Rappelons que le 19 octobre 2021, Santé Publique France et l'ANSES ont lancé PestiRiv, « [u]ne étude inédite sur l’exposition aux pesticides des personnes vivant en zone viticole », avec des mesures réalisées auprès de 3.350 personnes dans 6 régions françaises permettant à terme d’identifier de manière objective les sources qui contribuent le plus à l’exposition aux pesticides et d’adapter les mesures de prévention.
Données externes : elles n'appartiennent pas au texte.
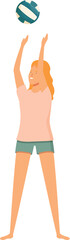 Fun play volleyball icon cartoon vector. Netting playing. Area twine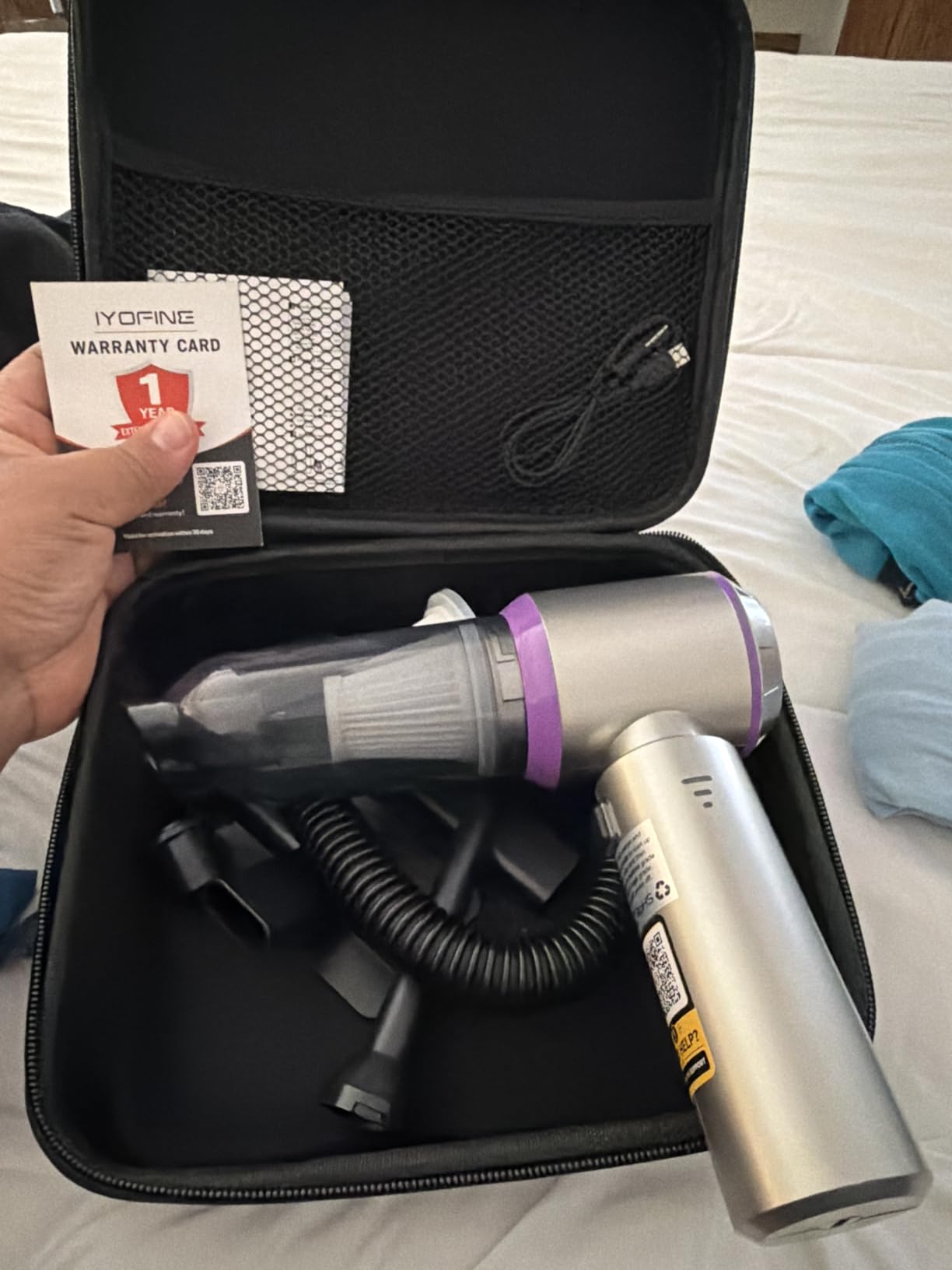 Vacuum/Air Duster Super Power Mini Car Vacuum Cleaner 4-in-1 air Blower Gun | 80,000 RPM Portable Rechargeable Dust Blower Gun, High Power Suction Pump, Car Interior Cleaning detailing Kit for Home customer photo 2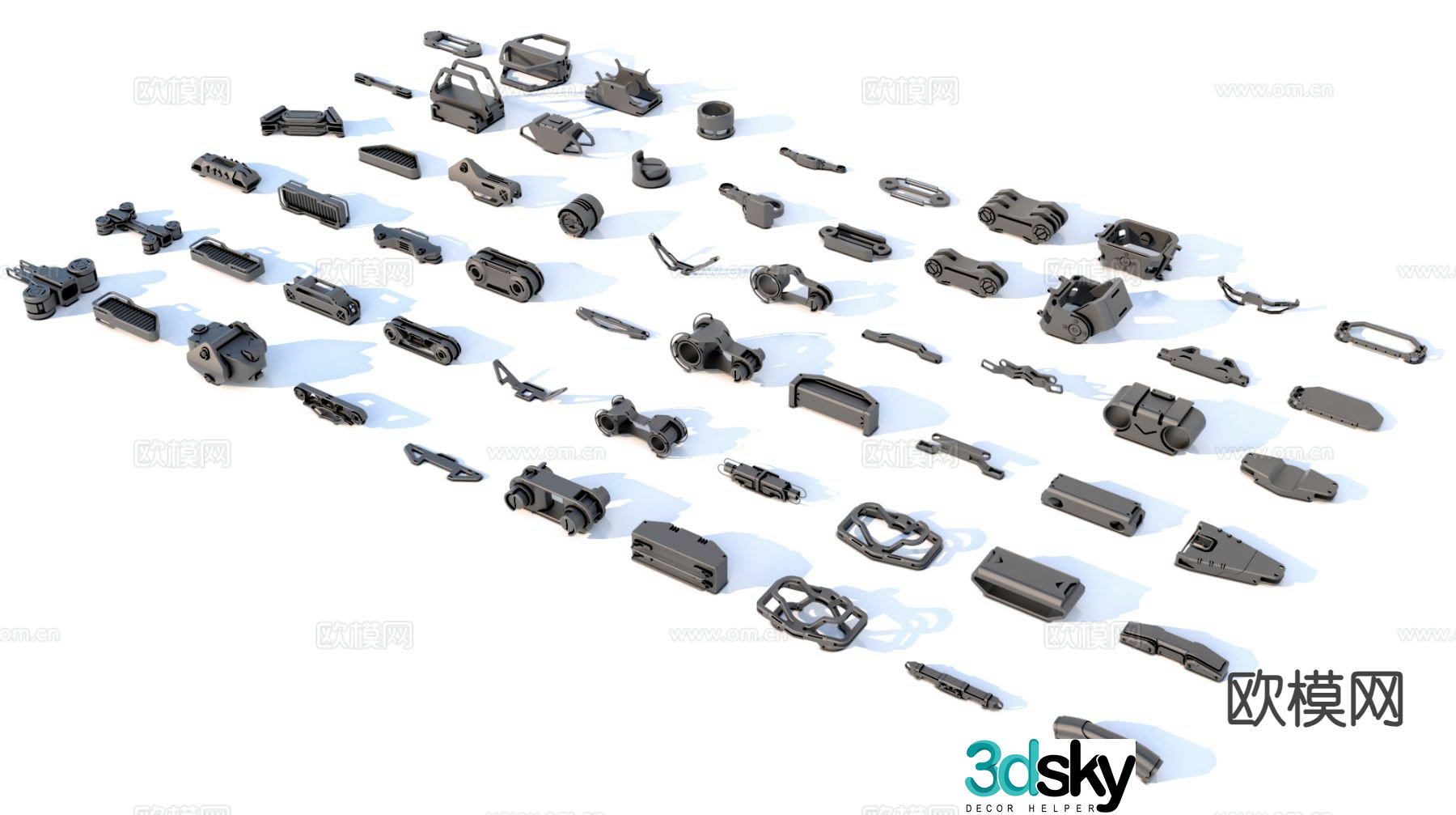 Hard surface parts Mechanical parts Industrial equipment 3d model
Ce fut dans un assourdissant silence médiatique, si l'on excepte les titres agricoles et cartains locaux, ainsi que la presse militante, de connivence, qui s'était empressée de relayer les critiques de l'activisme anti-pesticides.
Il est vrai que c'était le lancement d'une opération de grande envergure qui devrait fructifier en 2024... pas encore de quoi alimenter par des résultats l'industrie de la contestation et de l'indignation.
Au contraire de ce nouvel opus de Générations Futures.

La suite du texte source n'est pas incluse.